Archive for January, 2008
I’ve been a fan of Guy Ben-Ner’s work since first seeing it, about three years ago at what I think was his first Postmaster’s show and with each new video my admiration grows. The latest video that I thoroughly enjoyed is titled “Stealing Beauty” shot entirely at IKEA show rooms with his family. As in his past videos, Ben-Ner works with his kids to create narratives that question or deconstruct elements of our society.
“Stealing Beauty” features the traditional modern nuclear family unit. They go about regular daily activities, showering, sleeping, watching television, checking email, reading, washing dishes, sharing a meal, however throughout the 20 minute video is an ongoing discussion between the individuals. This is a discussion that primarily revolves around a lecture by Ben-Ner to his kids proclaiming the virtues of Capitalism:
“Private property creates borders… Some day this [the IKEA show room] will all be yours through inheritance… Love holds the family together and the family keeps the property from leaking out, family is like a big piggy bank,… Sharing is primitive… We evolved to rise on our feet and point at things to say this is mine. We freed our fingers to count…”

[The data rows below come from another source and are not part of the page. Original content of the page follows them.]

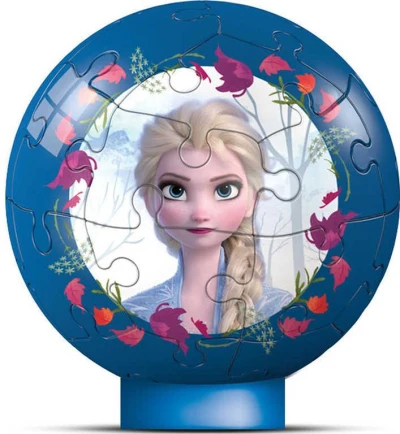 Ravensburger PUZZLE 3D Frozen 2 puzzleball 27 dílků s překvapením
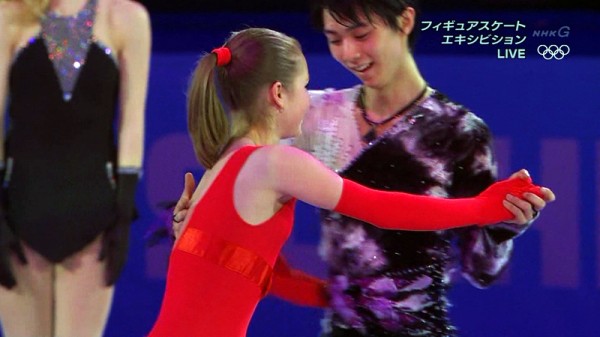 ユリア ・ リプニツカヤ】羽生結弦さん、イチャつく【１５才 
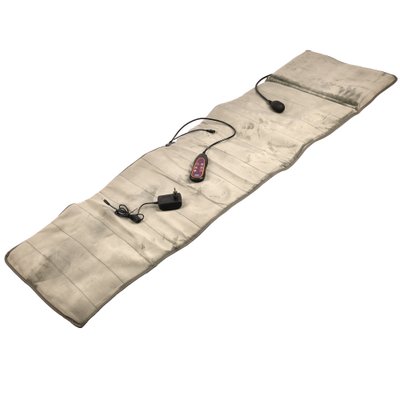Масажний килимок-матрац Supretto з пультом та надувною подушкою (8681) 8681 фото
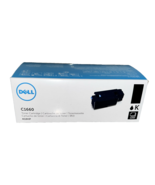 Dell 332-0399 4G9HP Black OEM Laser Toner Cartridge for C1660w Printers - $47.50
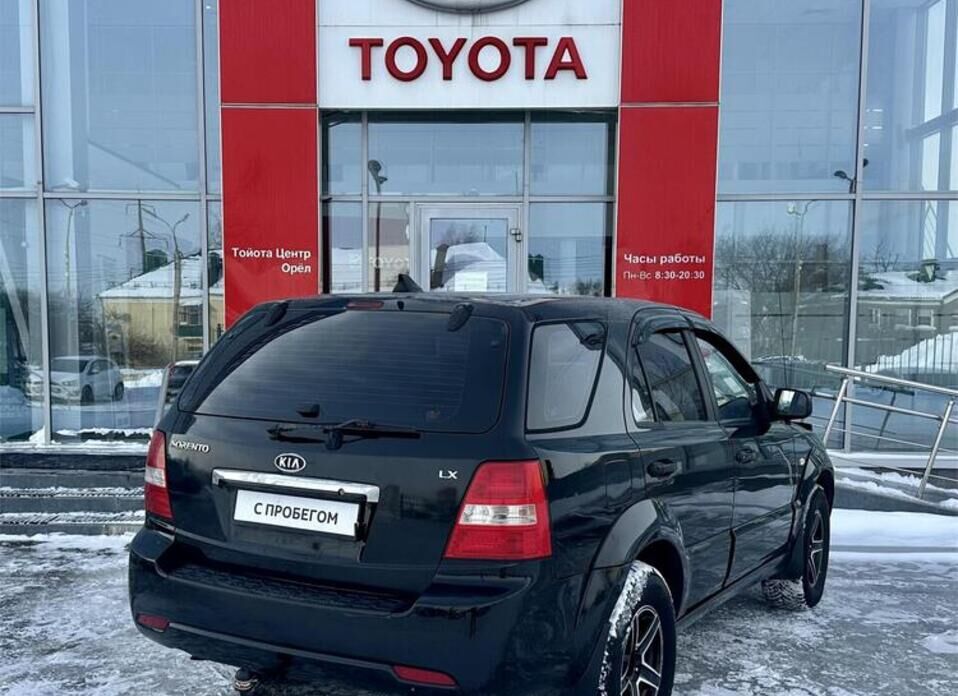 Kia Sorento, I Рестайлинг 2.5d AT (170 л.с.) 4WD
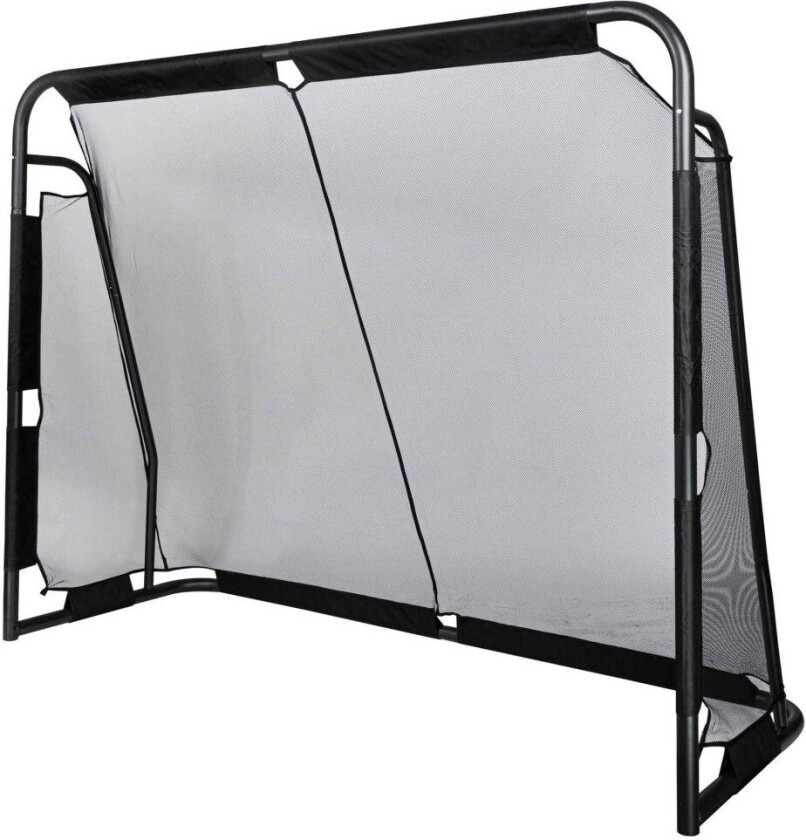 Fotballmål 183x122x60 Premium Svart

As the video proceeds there are traces of rebellion by the daughter, she questions if she is owned by her parents, she demands her freedom and at one point Ben-Ner grounds her. The video concludes with the reading of a Manifesto by the children… “Children of the world unite” calling children to claim what they want, to steal from parents, to claim their free will.
Although the water doesn’t flow from the sinks or shower head and the television and computer aren’t turned on, the family inhabits any number of IKEA show rooms as if everything functioned. They get into the beds, sit at the dinning room or in the living room and play out the script as shoppers walk by. At one point a woman peers into the video camera and pokes at it, someone behind the camera asks her to not touch the camera and re-positions it to focus on the co-opted stage.
The entire work is pieced together from any number of show rooms to the extent that a single exchange is assembled from various shoots. I left wondering if this was so, because they shot the video without permission and had to assemble the video from different IKEAs as they would be pulled from the show rooms. And indeed this is the case – it “was shot without permission at numerous IKEA stores around New York, Berlin and Tel Aviv.”
The dialogue doesn’t present any ground breaking ideas, however juxtaposing the script against the sets available at IKEA’s idealized show rooms is brilliant!